I will be moving to Germany to take a position. I have some tax related questions. Here is my situation: I am an AU citizen. My wife is a dual AU/DE citizen. We have a mortgage on our family home in AU. My (lots of) questions are:

Initially, I will be starting work in Germany, whilst my wife will remain working in AU. Earning about the same. What is the most beneficial combination for us; file separate tax return in the respective countries where we work? Would I then be considered Category I in Germany as my wife lives apart? Should we file jointly in one of the countries? which one?
Later, my wife will join me in DE. She will likely be unemployed for a while and then earn less than me initially. Should we then file tax return in DE, where I am class IV and she is III?
There is a new tax treaty between AU and DE ( here). I don't understand it. Can anyone explain how this affect my situation?
Article 19 of this treaty says that professorships are exempt somehow. Can anyone explain what this means?
I called the ATO to enquire. They told me that if I remain an AU resident, I will have to pay any gap in the level of taxation between the countries in AU. Is that right? Would it be more beneficial to seek residence in DE then?
Whilst living in DE, our AU family home will be rented out. The ATO told me that I will have to pay tax on the rental income, but won't be able to claim against the rental I will be paying in DE. Sounds a bit unfair, but anyway, should I be able to claim the mortgage payments against the rental income? Would it be better to declare the rental income and mortgage cost in my DE tax return?
The ATO also said something about additional tax, if I later sell the house and haven't returned to AU within 6yrs. Can anyone explain better than the ATO?:confused2:

This is all so complicated and overwhelming for me:noidea:. Any advice would be much appreciated.


----------



## Nononymous

I can't really give you too much advice here, not being Australian. I do however have an academic spouse and have lived in Germany on multiple occasions (though we've always miraculously escaped the German tax system through a combination of her having tax-free research money, coming on sabbatical with her university salary, my once working for an embassy, and our keeping most of our recent visits below the six-month threshold).
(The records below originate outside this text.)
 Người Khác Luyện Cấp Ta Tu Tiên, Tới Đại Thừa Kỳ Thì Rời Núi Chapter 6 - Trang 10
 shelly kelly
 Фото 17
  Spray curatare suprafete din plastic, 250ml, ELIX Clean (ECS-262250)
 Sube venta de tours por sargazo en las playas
For the German questions you'd be best served finding a Steuerberater with a bit of international experience. That shouldn't be too hard in Erlangen, given the expat population in the area - not only the university, but Adidas and Siemens and other companies nearby. 
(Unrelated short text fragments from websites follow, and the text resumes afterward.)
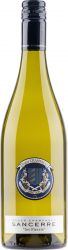 [kuva: Roger Champault Sancerre les Pierris 2024]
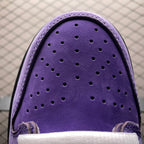 Concepts SB Dunk Low Purple Lobster (Special Box)
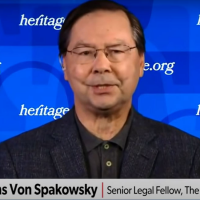 What Needs to Happen Now That Arizona Election Audit Over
The article 19 you mention probably concerns visiting academics being paid by their home institutions. They would not be taxed by Germany. (That's always been my understanding with sabbaticals, where tax-wise one generally just behaves as if they never left home.) I would however look into the terms of your own employment - if you're on some sort of visiting fellowship or research grant, rather than regular faculty salary, it may not be taxable. That's quite common with post-docs and so on, but five years sounds more like a real job. Dig into this, however.

I know nothing about Australia, but if it's anything like Canada you could potentially apply for non-resident status and be free of of any Australian tax filing obligations other than investment and rental income - potentially very useful if your German income is not taxed! If you really are gone for five years it sounds as though the rent would be taxable but with enough write-offs you can probably keep the bill down. There might also be capital gains if you sell the house before moving back into it. In my limited understanding of these things, you'd owe tax for the rental to Australia, on account of the property being located there, and might not even need to declare it on your German taxes.


----------



## CookehMonsta2

You sure you want to move to Germany? Enjoy the bureaucracy nightmare. the ATO will seem like Maccas in comparison. 

The complexity and confusion won't end, it just gets worse.


----------



## Nononymous

Obviously you've had a poor experience, sorry to hear that. Things can go very smoothly for visiting academics. It really depends on what you're doing, where you're located, and your ability to speak the language and/or charm bureaucrats.


----------



## Pheadrus

CookehMonsta2 said:


> You sure you want to move to Germany? Enjoy the bureaucracy nightmare. the ATO will seem like Maccas in comparison.
> 
> The complexity and confusion won't end, it just gets worse.


functioning bureaucracy vs incompetence. As a former federal gov employee, I think I might try the functioning bureaucracy for a while. #CensusFail. Also see ABC's excellent documentary series Utopia.


----------



## kanadanicht

Your AU rental income may be taxable in AU only - depends on treaties. Make sure you get a good tax adviser, the bad ones may not know about all the treaties and then make you pay more so they cover themselves. My DE rental income is taxable only in DE, which is great because I earn all my other income in CA and therefore stay in a low DE tax bracket.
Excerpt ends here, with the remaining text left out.